Lorsque je parle d'alphabétisation, l'une des choses que je m'empresse toujours de souligner est que les personnes qui sont passées entre les mailles du filet ne sont pas le résultat d'un échec du système scolaire. Dans notre société, l'on s'attaque déjà beaucoup trop aux enseignants. Ces personnes sont plutôt le produit de l'échec social de la famille, de la communauté et de la société qui les entourent. Si nous faisions en sorte que soient plus accessibles les articles de lecture, cela ne pourrait que les aider d'une façon très appréciable et très réelle.

Le président: Je pense que nous allons clore là-dessus, monsieur Gzowski. Merci beaucoup d'être venu comparaître et de nous avoir expliqué vos opinions. Vous parlez du point de vue d'une personne qui est depuis longtemps active dans le mouvement d'alphabétisation et qui porte, de façon très efficace, ce mouvement à l'attention des Canadiens.

[Français]

Il nous fait grand plaisir de vous d'accueillir M. Roch Carrier, auteur, ex-directeur du Conseil des arts du Canada.

[Traduction]

Il est un auteur dont les histoires ont apporté un plaisir incomparable à des générations de Canadiens, et surtout de jeunes Canadiens. Bienvenue.

[Français]

M. Roch Carrier, auteur, ex-directeur, Conseil des arts du Canada: C'est certainement un honneur de me présenter au comité pour réfléchir à certains aspects du projet de loi S-10.

[Traduction]

Il y a de nombreuses années, j'étais un gamin vivant dans une région très éloignée où c'était une grosse réalisation que de terminer sa septième année.
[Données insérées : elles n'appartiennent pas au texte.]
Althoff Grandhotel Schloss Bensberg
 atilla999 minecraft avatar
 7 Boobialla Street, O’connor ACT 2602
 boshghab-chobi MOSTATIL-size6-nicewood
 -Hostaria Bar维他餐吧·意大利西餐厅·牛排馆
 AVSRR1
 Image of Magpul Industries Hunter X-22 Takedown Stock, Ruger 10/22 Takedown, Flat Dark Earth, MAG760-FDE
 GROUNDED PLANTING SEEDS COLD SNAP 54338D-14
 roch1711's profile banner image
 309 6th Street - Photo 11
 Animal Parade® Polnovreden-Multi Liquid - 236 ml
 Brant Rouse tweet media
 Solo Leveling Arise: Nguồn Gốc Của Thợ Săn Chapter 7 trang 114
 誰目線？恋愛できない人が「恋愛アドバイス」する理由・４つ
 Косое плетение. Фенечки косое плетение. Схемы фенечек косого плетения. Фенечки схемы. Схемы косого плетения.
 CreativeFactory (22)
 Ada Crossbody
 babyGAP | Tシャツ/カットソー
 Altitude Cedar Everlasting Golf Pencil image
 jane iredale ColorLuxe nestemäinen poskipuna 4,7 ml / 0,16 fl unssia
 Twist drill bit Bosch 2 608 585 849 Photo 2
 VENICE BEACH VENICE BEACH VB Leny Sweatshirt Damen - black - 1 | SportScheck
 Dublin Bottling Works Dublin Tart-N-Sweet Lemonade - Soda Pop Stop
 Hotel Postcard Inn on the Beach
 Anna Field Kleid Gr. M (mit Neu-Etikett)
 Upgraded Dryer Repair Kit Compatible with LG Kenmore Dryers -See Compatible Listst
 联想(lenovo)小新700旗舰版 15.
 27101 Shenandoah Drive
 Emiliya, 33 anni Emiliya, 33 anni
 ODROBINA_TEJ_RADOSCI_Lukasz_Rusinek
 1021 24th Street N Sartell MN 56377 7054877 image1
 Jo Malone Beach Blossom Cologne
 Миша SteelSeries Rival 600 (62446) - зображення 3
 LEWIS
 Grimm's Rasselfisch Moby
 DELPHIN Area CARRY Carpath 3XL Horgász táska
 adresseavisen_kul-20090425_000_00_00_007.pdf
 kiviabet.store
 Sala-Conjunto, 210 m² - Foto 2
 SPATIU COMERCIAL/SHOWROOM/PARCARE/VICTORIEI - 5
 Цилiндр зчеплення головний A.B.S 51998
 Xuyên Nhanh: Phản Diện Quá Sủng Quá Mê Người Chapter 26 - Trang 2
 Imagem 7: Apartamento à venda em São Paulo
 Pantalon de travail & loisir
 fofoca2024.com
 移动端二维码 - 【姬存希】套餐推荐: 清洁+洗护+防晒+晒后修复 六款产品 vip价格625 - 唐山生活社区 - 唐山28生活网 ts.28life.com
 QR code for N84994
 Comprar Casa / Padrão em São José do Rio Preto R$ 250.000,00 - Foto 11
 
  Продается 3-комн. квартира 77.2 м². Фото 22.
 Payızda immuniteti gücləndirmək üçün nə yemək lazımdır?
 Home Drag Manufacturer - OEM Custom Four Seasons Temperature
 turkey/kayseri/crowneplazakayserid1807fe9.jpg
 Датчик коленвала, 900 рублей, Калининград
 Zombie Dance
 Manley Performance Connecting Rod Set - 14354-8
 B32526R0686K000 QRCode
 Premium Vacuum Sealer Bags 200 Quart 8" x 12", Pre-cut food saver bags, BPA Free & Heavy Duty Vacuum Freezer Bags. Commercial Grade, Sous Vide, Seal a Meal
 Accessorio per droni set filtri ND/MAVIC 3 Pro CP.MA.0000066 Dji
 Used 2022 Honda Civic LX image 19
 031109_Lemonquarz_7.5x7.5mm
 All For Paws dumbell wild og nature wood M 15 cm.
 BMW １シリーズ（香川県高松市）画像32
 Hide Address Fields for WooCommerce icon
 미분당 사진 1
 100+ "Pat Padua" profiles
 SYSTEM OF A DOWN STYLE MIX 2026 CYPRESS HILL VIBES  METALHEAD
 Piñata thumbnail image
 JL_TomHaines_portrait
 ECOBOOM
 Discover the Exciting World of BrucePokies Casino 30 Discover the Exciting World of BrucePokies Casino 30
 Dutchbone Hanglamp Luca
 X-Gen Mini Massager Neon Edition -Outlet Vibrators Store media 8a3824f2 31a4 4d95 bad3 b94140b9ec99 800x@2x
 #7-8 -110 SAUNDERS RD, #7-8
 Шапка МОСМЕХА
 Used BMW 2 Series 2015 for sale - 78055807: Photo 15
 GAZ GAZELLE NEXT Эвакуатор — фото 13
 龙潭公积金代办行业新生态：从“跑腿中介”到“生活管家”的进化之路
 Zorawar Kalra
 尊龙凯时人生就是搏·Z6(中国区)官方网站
J'étais intéressé par la boxe, le hockey et la chasse. Les gros emplois dans ce coin-là étaient ceux de camionneur ou de bûcheron. Mais mon père avait d'autres ambitions pour moi. Il a trouvé quelques livres bon marché et les a rapportés à la maison. C'était les premiers livres qu'on avait chez nous. J'ai ouvert les livres et j'ai vu quelque chose sur les nuages, quelque chose sur l'Espagne, quelque chose sur la photographie, quelque chose sur Toronto et quelque chose sur la pêche. Si je suis ici aujourd'hui, c'est parce que j'ai ouvert ces livres, livres qui ont été achetés à un prix défiant toute concurrence et auxquels n'était appliquée aucune taxe.

Si vous me demandiez si la lecture devrait être taxée, ma réponse serait la suivante: j'aimerais que tous les enfants de notre pays se voient accorder la possibilité de voir leur vie transformée par la lecture.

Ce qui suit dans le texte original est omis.